Question

Analysis of shRNA/CRISPR screens in 2021

3

Entering edit mode

2.8 years ago

ATpoint 82k

I am looking for hands-on experiences towards the analysis of shRNA (or CRISPR as it's basicall the same) screens. What are the tools one uses in 2021, is Mageck still the standard for it?

We performed a screen with about 2000 barcodes, with an average of 5 shRNAs per gene, 60 positive (killing) and 60 negative control (non-targeting) barcodes. Three celllines, each with an input control harvested 1 day after infecting the cells with the shRNA virus soup. Each sample and input is triplicated, so 18 libraries in total. I can do QC and everything without a dedicated tool, looking for dedicated DE software.

The aim would be to both compare each cellline with its control but also compare celllines with each other. There are no batch effects so correction for these is not a requirement. Support for normalization to the control genes would be a plus but it is also fine if I have to do it externally with the controlGenes from DESeq2::estimateSizeFactors.
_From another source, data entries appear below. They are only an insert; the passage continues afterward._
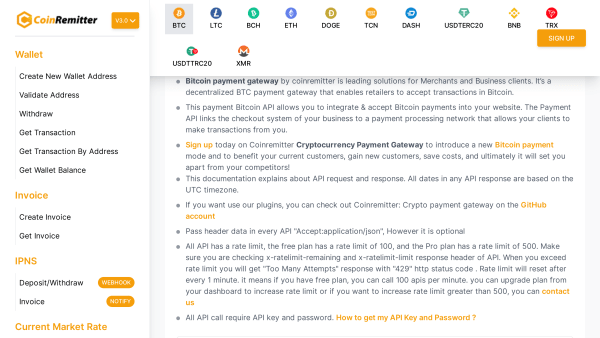 Coinremitter's website screenshot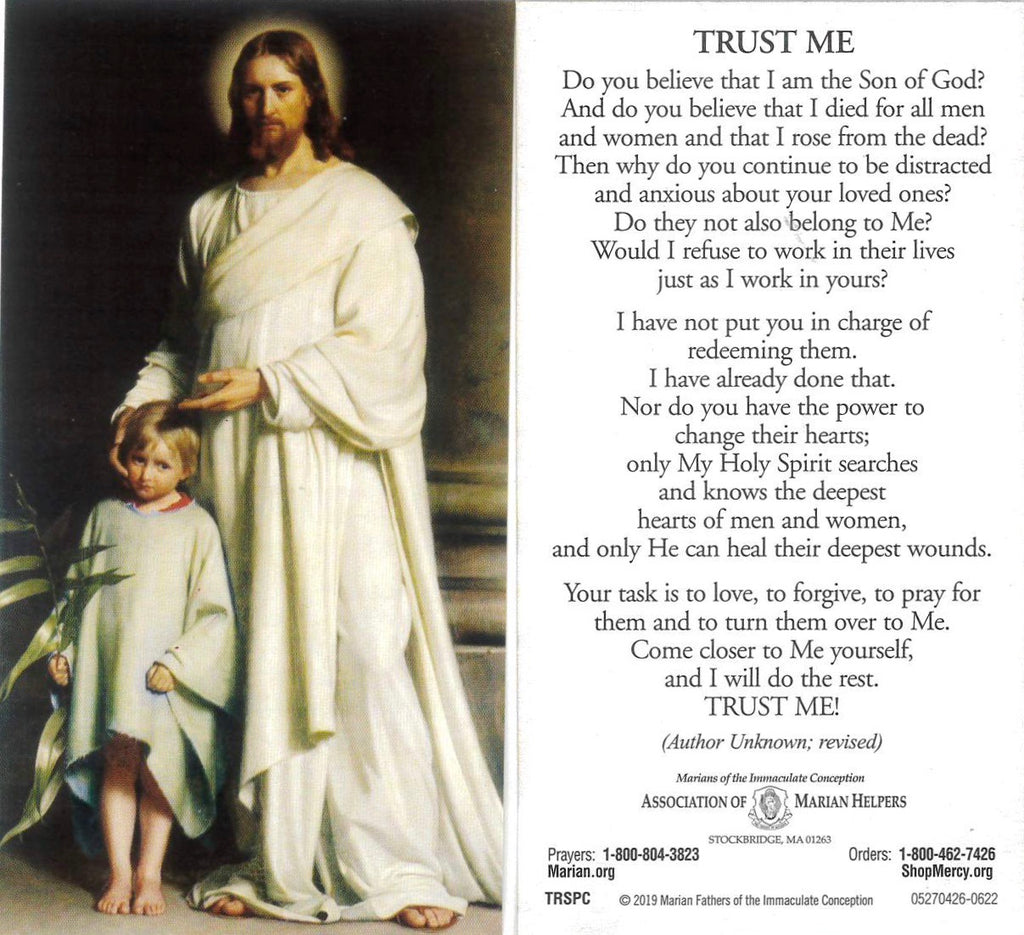 Trust Me Paper Holy Card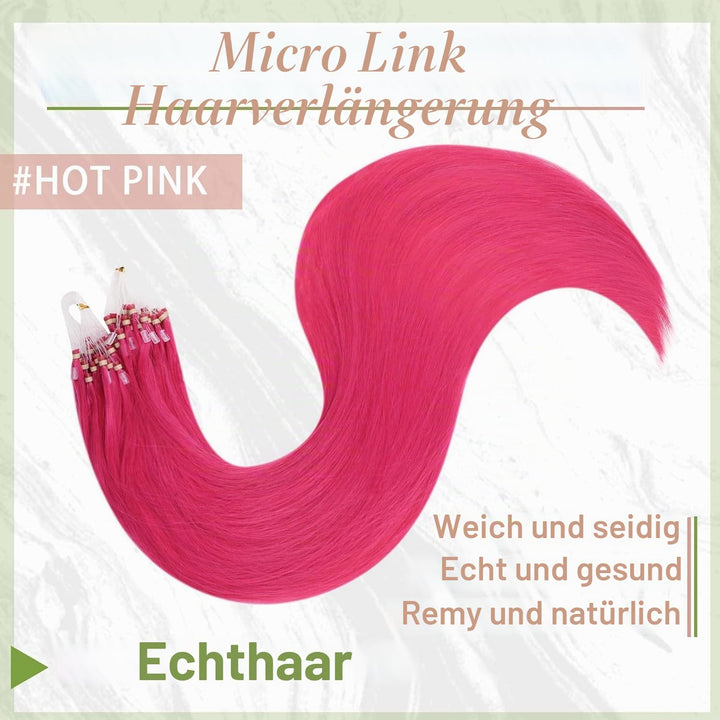 RUNATURE Echthaar Extensions Microring Rosa 50cm Microring Extensions Echthaar 1g Glatt Haarverlänge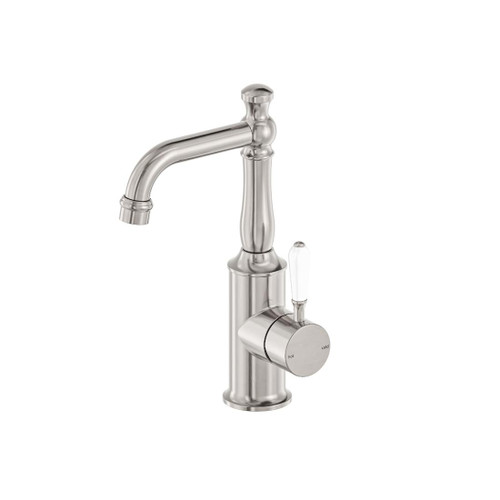 York Basin Mixer Brushed Nickel With White Porcelain Lever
Any pointers that worked well in your hands? If not a dedicated shRNA/CRISPR tool but something like DESeq2 or edgeR, how did you take care of combining stats for multiple shRNAs/guide for the same gene? Thanks!

crispr shrna • 2.1k views

ADD COMMENT • link updated 2.7 years ago by dsull ★ 5.8k • written 2.8 years ago by ATpoint 82k

score 3 · Answer 1 · 2021-07-26

I've used Mageck for CRISPR screens and it works great.

A few things:

It, by default, doesn't allow mismatches between read and library but still I've always had good (>= ~80%) mapping rates; I've had better mapping results with paired-end reads (because if one read fails to align because of a mismatch, the second read might succeed)
You may need to use cutadapt to remove technical nucleotides in your sequencing (mageck tries to figure this out automatically, but it doesn't always work especially if you had adapters on both ends of your reads or the adapter varies in length between different reads)
When running mageck mle, you can play around with designs (e.g. put cell lines and/or treatment/control in your design formula)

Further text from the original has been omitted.